Stored dataset items
==================================================

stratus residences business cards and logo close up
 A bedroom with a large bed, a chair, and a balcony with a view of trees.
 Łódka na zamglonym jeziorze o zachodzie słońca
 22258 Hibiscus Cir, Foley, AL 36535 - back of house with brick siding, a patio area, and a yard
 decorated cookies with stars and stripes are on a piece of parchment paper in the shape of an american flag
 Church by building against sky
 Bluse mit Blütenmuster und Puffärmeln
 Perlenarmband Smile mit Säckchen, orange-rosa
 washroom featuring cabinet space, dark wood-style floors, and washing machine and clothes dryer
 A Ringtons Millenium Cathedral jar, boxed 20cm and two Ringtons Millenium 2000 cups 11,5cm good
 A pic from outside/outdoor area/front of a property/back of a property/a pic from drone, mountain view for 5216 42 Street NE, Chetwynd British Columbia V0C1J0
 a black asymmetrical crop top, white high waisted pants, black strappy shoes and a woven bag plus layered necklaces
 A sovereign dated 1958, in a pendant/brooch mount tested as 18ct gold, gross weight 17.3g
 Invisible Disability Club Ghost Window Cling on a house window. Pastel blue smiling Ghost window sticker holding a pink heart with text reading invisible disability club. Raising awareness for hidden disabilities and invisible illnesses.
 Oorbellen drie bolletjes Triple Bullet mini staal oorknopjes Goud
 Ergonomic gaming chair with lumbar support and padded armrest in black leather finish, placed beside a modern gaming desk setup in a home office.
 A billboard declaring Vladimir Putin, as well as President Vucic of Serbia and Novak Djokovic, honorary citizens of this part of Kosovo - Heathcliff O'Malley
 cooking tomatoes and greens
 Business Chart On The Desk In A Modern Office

==================================================

- Exercise: Your reply should hold all the entries, each repeated without a single change.

- Solution below:
stratus residences business cards and logo close up
 A bedroom with a large bed, a chair, and a balcony with a view of trees.
 Łódka na zamglonym jeziorze o zachodzie słońca
 22258 Hibiscus Cir, Foley, AL 36535 - back of house with brick siding, a patio area, and a yard
 decorated cookies with stars and stripes are on a piece of parchment paper in the shape of an american flag
 Church by building against sky
 Bluse mit Blütenmuster und Puffärmeln
 Perlenarmband Smile mit Säckchen, orange-rosa
 washroom featuring cabinet space, dark wood-style floors, and washing machine and clothes dryer
 A Ringtons Millenium Cathedral jar, boxed 20cm and two Ringtons Millenium 2000 cups 11,5cm good
 A pic from outside/outdoor area/front of a property/back of a property/a pic from drone, mountain view for 5216 42 Street NE, Chetwynd British Columbia V0C1J0
 a black asymmetrical crop top, white high waisted pants, black strappy shoes and a woven bag plus layered necklaces
 A sovereign dated 1958, in a pendant/brooch mount tested as 18ct gold, gross weight 17.3g
 Invisible Disability Club Ghost Window Cling on a house window. Pastel blue smiling Ghost window sticker holding a pink heart with text reading invisible disability club. Raising awareness for hidden disabilities and invisible illnesses.
 Oorbellen drie bolletjes Triple Bullet mini staal oorknopjes Goud
 Ergonomic gaming chair with lumbar support and padded armrest in black leather finish, placed beside a modern gaming desk setup in a home office.
 A billboard declaring Vladimir Putin, as well as President Vucic of Serbia and Novak Djokovic, honorary citizens of this part of Kosovo - Heathcliff O'Malley
 cooking tomatoes and greens
 Business Chart On The Desk In A Modern Office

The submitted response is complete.